This is a complicated ticket for various reasons. Currently NIF has cell types
in two resources:
* An OWL ontology in the NIFSTD suite called "NIF_Cell"
* A semantic mediawiki (http://neurolex.org)
NIF_Cell is the easiest to work with as it follows relatively standard
conventions for OWL ontologies. However, this is extremely out of date, and has
not been updated for years, and there appear to be no plans to update it.
Neurolex is more current. However, it is extremely difficult to work with, the
representation is highly non-standard, it is full of broken links.

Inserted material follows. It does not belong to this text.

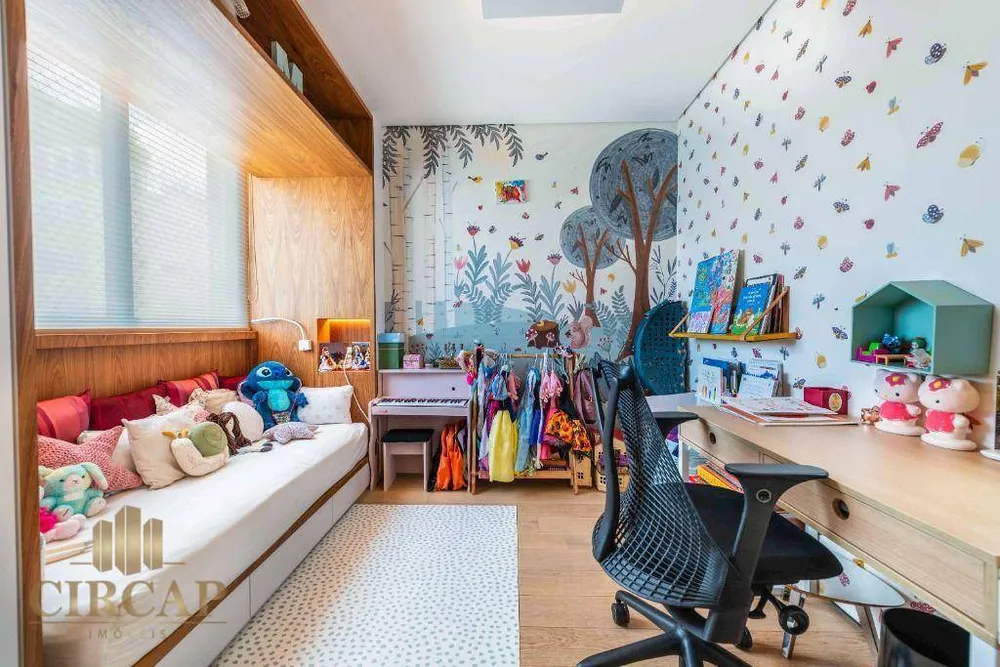 Cobertura, 5 quartos, 408 m² - Foto 9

Additionally, it incorporates broken mass imports of other resources, such as
the neuron subset of the Drosophila anatomy (FBbt). We do not need this, as we
already have FBbt in the source OWL format which is well-integrated with CL
already.
In order to work with neurolex, I have developed a programmatic library for
interrogating it and for extracting what is the best I can do for some kind of
sane OWL: https://github.com/cmungall/nlx-pl
Please see the docs on this site for the various caveats.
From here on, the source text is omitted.